Les deux monstres sacrés Bela Lugosi et Boris Karloff s'affrontent dans un huis-clos mêlant jalousie, vengeance et sorcellerie

THE BLACK CAT

1934 – USA

Réalisé par Edgar G. Ulmer

Avec Bela Lugosi, Boris Karloff, David Manners, Julie Bishop, Lucille Lund, Egon Brecher, Harry Cording, Henry Armetta 

THEMA SORCELLERIE ET MAGIE

Après le succès de Dracula et Frankenstein, les studios Universal se sont mis en tête de réunir leurs deux vedettes respectives dans une petite série de films d’épouvante aux budgets réduits, tournés principalement en studio. Le Chat Noir est le premier d’entre eux, et il n’entretient à vrai dire aucun rapport avec la nouvelle d’Edgar Poe dont il emprunte le titre, le félin du titre se contentant d’errer sinistrement dans le décor pour effrayer Bela Lugosi. Celui-ci incarne le docteur Vitus Werdegast, venu rendre visite à un architecte sorcier à ses heures, du nom de Hjalmar Poelzig, interprété par Karloff. Redoutable criminel de guerre, Poelzig a jadis assassiné la femme de Vitus et a épousé sa fille. Werdegast est donc assoiffé d’une vengeance longuement mûrie. « Je peux encore sentir la mort dans l’air » murmure ainsi Lugosi en arpentant la vaste demeure de son hôte sinistre.
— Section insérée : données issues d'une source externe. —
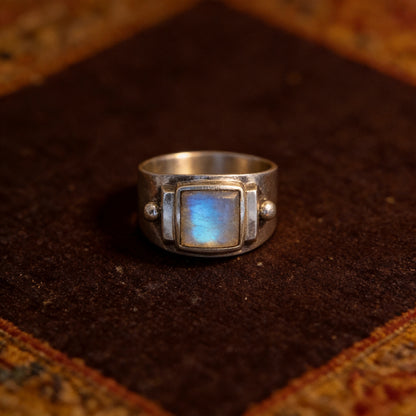 Kailash Way Moonstone Loyalty Harmony Ring front view with stone setting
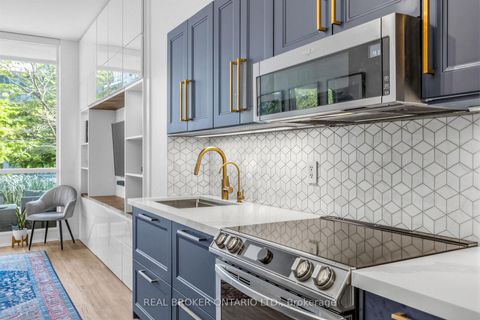 Photo 3 at 260 - 209 Fort York Boulevard, Waterfront Communities C1, Toronto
Au beau milieu de cet affrontement qui couve se retrouve un jeune couple en plein voyage de noces, échoué dans la demeure de Poelzig après un accident d’autocar.

Le scénario s’articule alors autour de ce huis clos, mélangeant la rivalité de Karloff et Lugosi, la surprise des jeunes mariés pris au piège, des cachots camouflés comme dans les bons vieux serials d’aventure, une ancienne épouse conservée morte dans une vitrine et coiffée comme la fiancée de Frankenstein, une cérémonie satanique avec une poignée de figurants encapuchonnés, et ce chat noir qui se ballade nonchalamment en projetant son ombre sur les murs. Proche stylistiquement de celle de Tod Browning pour le Dracula de 1931, la réalisation d’Edgar G. Ulmer joue la carte de la théâtralité, le jeu des acteurs  étant à l’avenant : outré, extrême et presque surréaliste. Visuellement, le film bénéficie de fort belles compositions, d’un splendide décor de verre et d’acier dont l’influence art-déco tranche avec les habituels donjons gothiques, et d’une somptueuse photographie de John J. Mescall sous influence de l’expressionnisme allemand. 

« Ne sommes-nous pas tous deux des morts vivants ? »

Point culminant du récit, la scène de la partie d’échecs entre Lugosi et Karloff a pour enjeu la jeune mariée, Karloff annonçant la couleur avec force grandiloquence : « Ne sommes-nous pas tous deux des morts vivants ? Or maintenant, vous venez me voir en jouant le rôle d’un ange vengeur, puérilement assoiffé de mon sang. Nous allons jouer à un petit jeu, Vitus. Un jeu mortel, si vous le voulez bien ». On pourra regretter qu’Ulmer expédie cette séquence en quelques plans, au lieu du surdécoupage dramatique qu’aurait mérité ce face à face. Mais n’est-ce pas justement ce parti pris minimaliste qui finit par instiller le malaise et qui tranche avec les productions Universal précédentes. ? Ce sentiment se confirme avec l’apparition de l’épouse conservée sous verre après sa mort, révélée tranquillement dans un plan large anodin et – du coup – assez perturbant. Fait curieux pour un film du milieu des années 30, la bande originale du film mixe des morceaux originaux de Heinz Roemheld avec des reprises de Beethoveen, Schubert, Liszt et Tchaïkovsky.